Exercise brief
Restate, word for word, each entry that follows, but skip its pictures.

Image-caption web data
──────────────────────────────

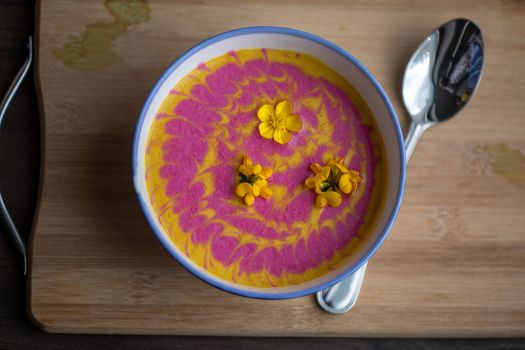 Vegetarian cream pumpkin and beet mix soup decorated with fresh yellow flowers delicious and healthy food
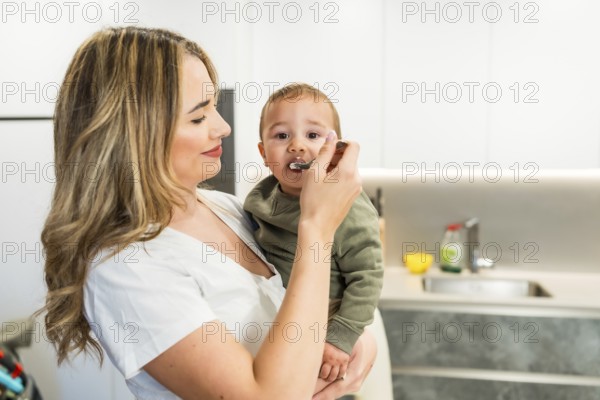 Loving mother feeding her baby son with a spoon in a bright modern kitchen, enjoying a tender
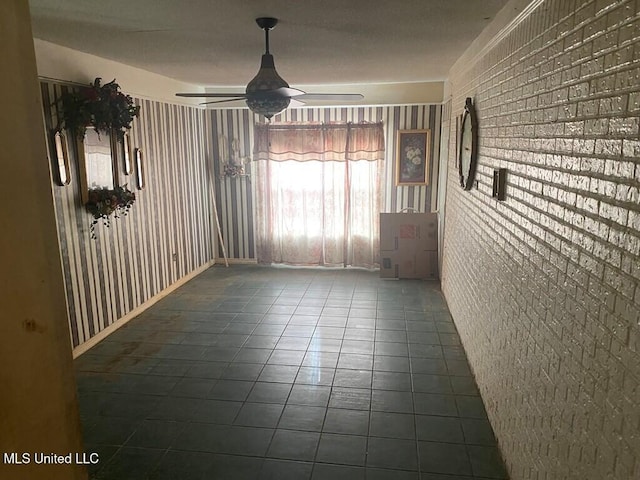 unfurnished dining area with ceiling fan, brick wall, and tile patterned floors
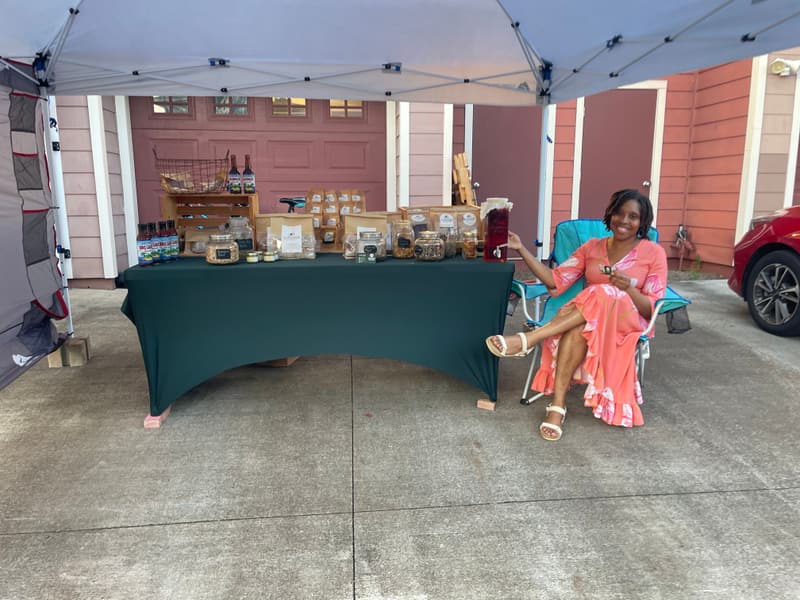 The Garden Brew Tea Cafe booth under a market tent — jars of tea on a green tablecloth, and Radia Rogers seated at the right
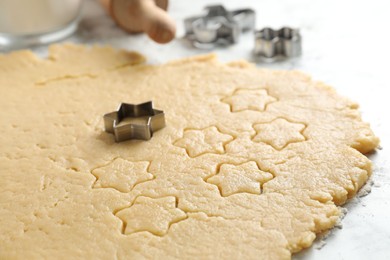Photo of Making shortcrust pastry. Raw dough and cookie cutters on table, closeup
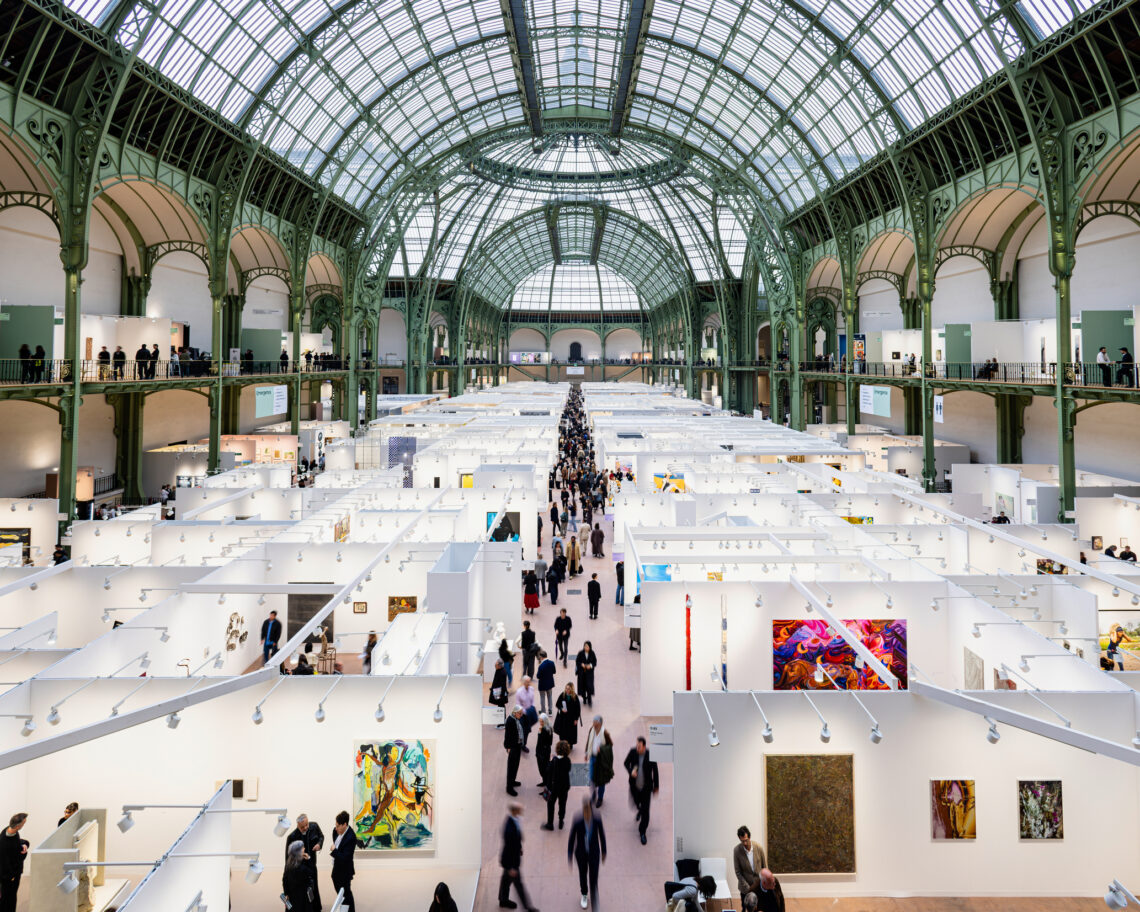 Blick von oben auf die Kunstmesse Art Basel Paris im Grand Palais: Messestände mit Gemälden unter der historischen Glas-Stahl-Kuppel, Besucher im Mittelgang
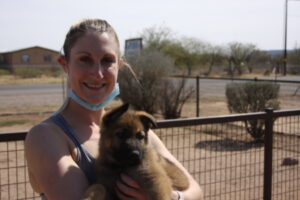 A woman holding a puppy in her arms.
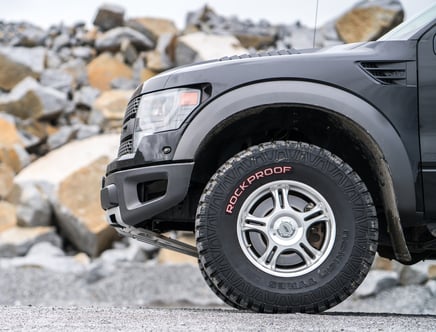 Close-up of a black off-road vehicle's front tire with "ROCKPROOF" marked on it, against a rocky background.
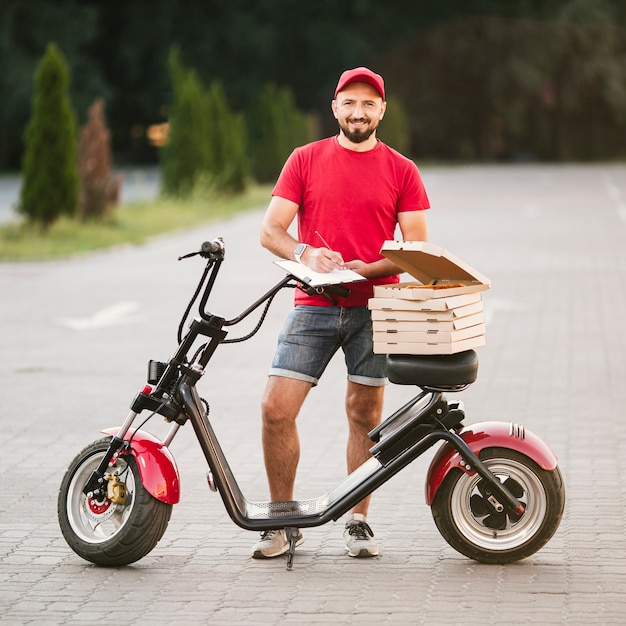 Full shot delivery guy posando ao ar livre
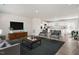 Bright living room with modern furnishings, an open floor plan, and hardwood floors at 16 Powder Ct, Angier, NC 27501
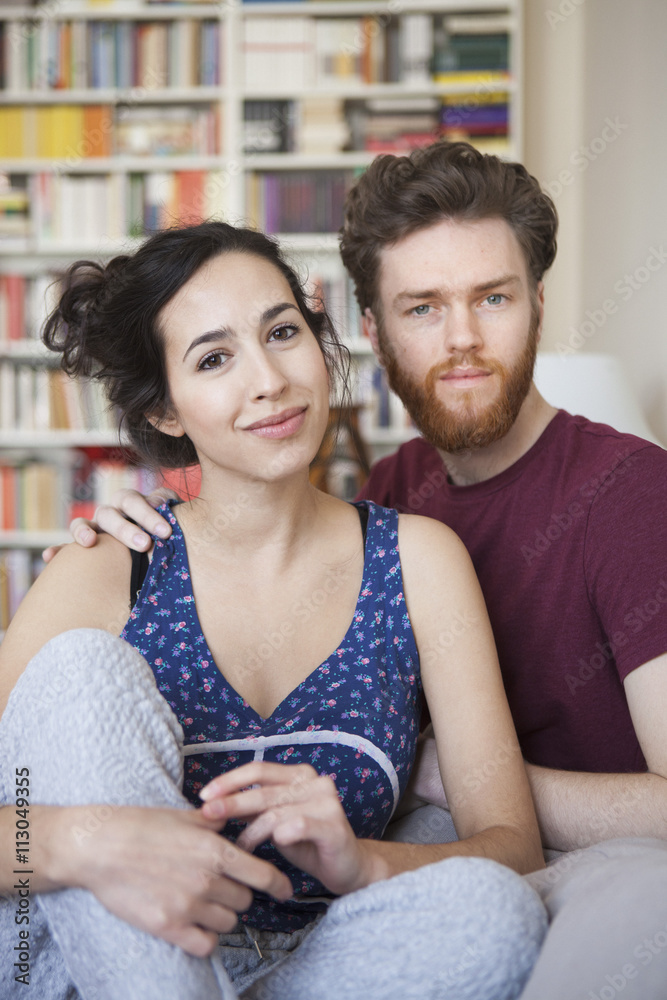 Portrait of young woman with man relaxing at home Portrait of young woman with man relaxing at home
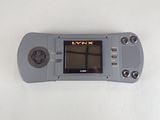 a gray game console with a black screen on a white surface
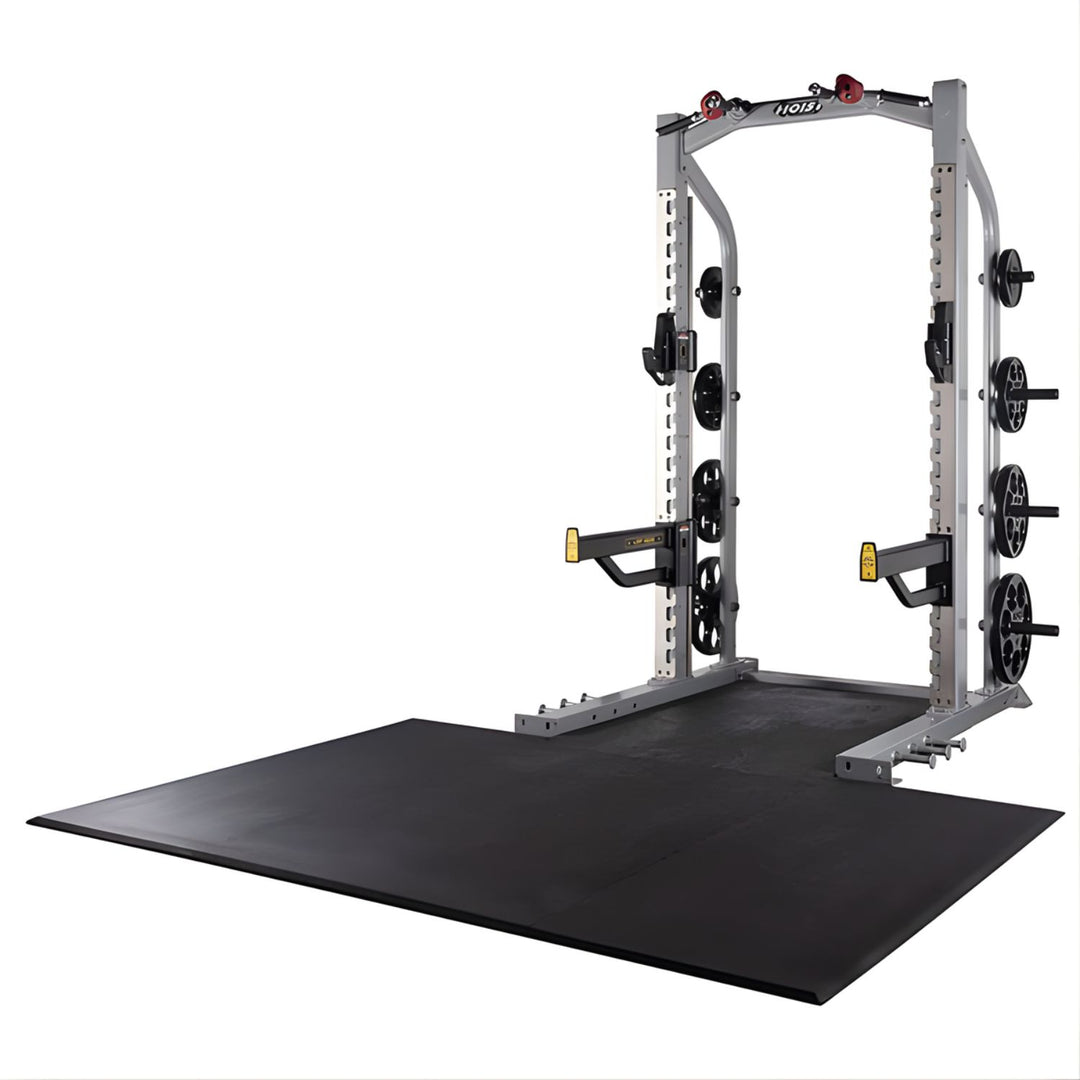 Hoist half rack in silver frame with integrated lifting platform and plate storage for strength training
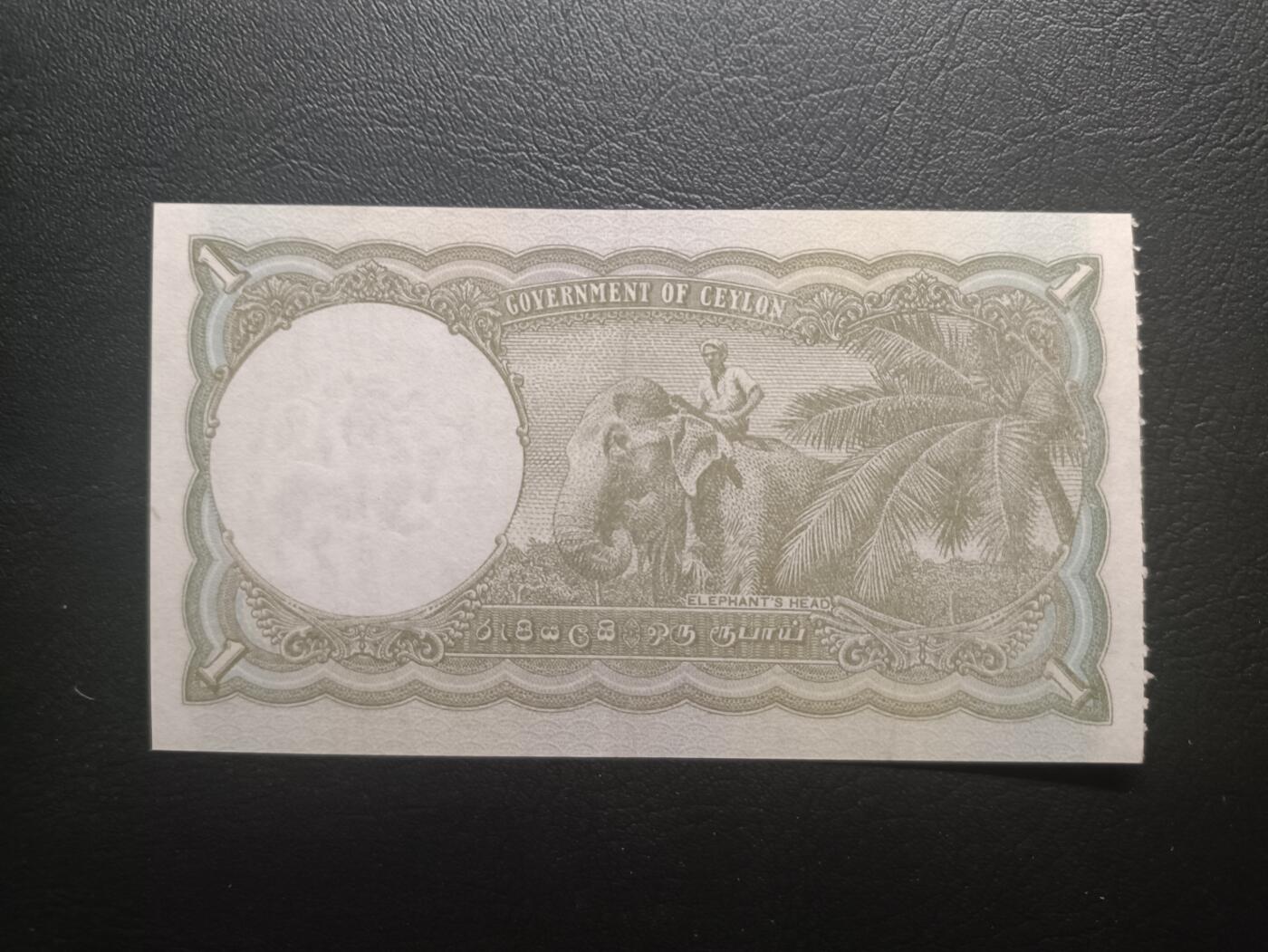 2025十一月第一期，总199期 英属锡兰（现斯里兰卡）1949年1卢比AUNC，乔治六世国王和骑大象，少见英属殖民地品种，特色是一侧有类似门票的齿孔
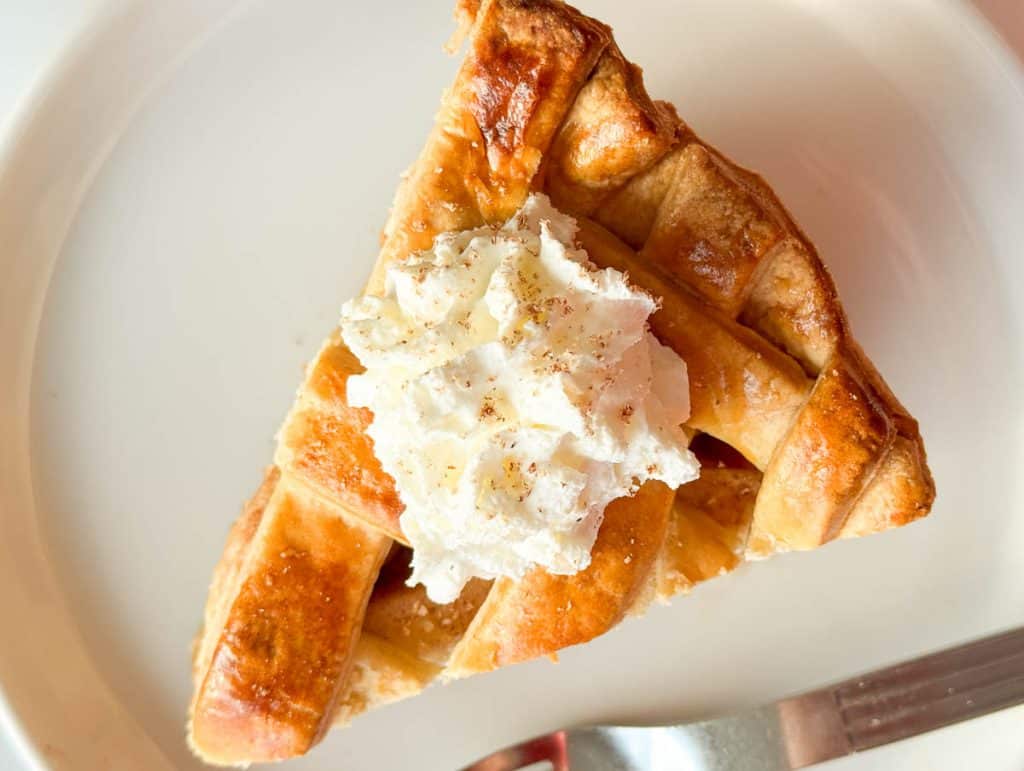Apple pie slice topped with whipped cream on a white plate.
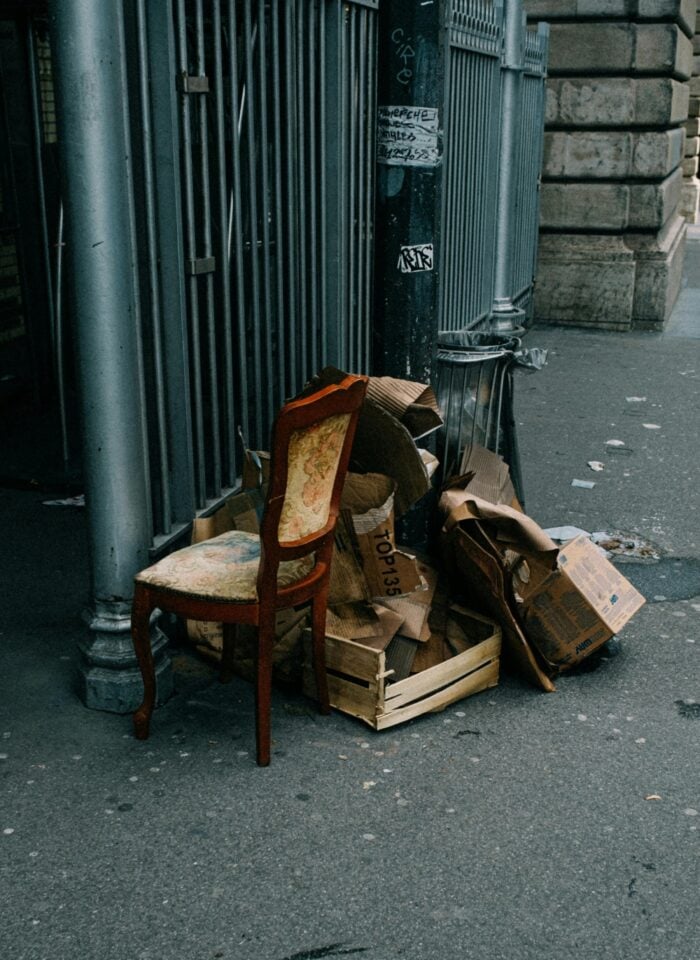 Old chair and piles of discarded cardboard boxes left on the street for junk removal and rubbish collection services.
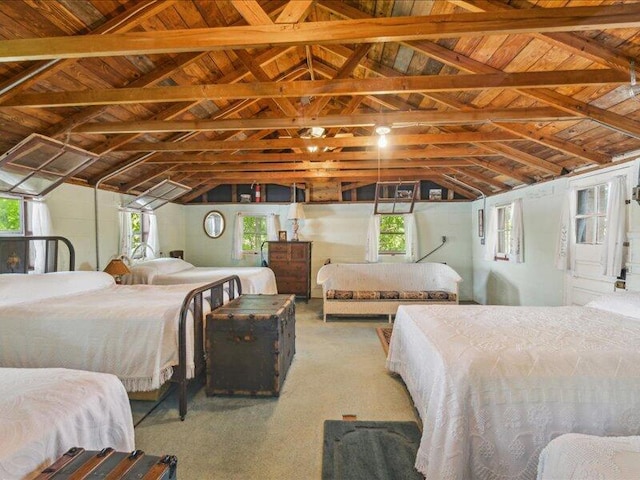 bedroom with vaulted ceiling and carpet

──────────────────────────────

Task answer
 Vegetarian cream pumpkin and beet mix soup decorated with fresh yellow flowers delicious and healthy food
 Loving mother feeding her baby son with a spoon in a bright modern kitchen, enjoying a tender
 unfurnished dining area with ceiling fan, brick wall, and tile patterned floors
 The Garden Brew Tea Cafe booth under a market tent — jars of tea on a green tablecloth, and Radia Rogers seated at the right
Photo of Making shortcrust pastry. Raw dough and cookie cutters on table, closeup
 Blick von oben auf die Kunstmesse Art Basel Paris im Grand Palais: Messestände mit Gemälden unter der historischen Glas-Stahl-Kuppel, Besucher im Mittelgang
 A woman holding a puppy in her arms.
 Close-up of a black off-road vehicle's front tire with "ROCKPROOF" marked on it, against a rocky background.
 Full shot delivery guy posando ao ar livre
 Bright living room with modern furnishings, an open floor plan, and hardwood floors at 16 Powder Ct, Angier, NC 27501
 Portrait of young woman with man relaxing at home Portrait of young woman with man relaxing at home
 a gray game console with a black screen on a white surface
 Hoist half rack in silver frame with integrated lifting platform and plate storage for strength training
 2025十一月第一期，总199期 英属锡兰（现斯里兰卡）1949年1卢比AUNC，乔治六世国王和骑大象，少见英属殖民地品种，特色是一侧有类似门票的齿孔
Apple pie slice topped with whipped cream on a white plate.
 Old chair and piles of discarded cardboard boxes left on the street for junk removal and rubbish collection services.
 bedroom with vaulted ceiling and carpet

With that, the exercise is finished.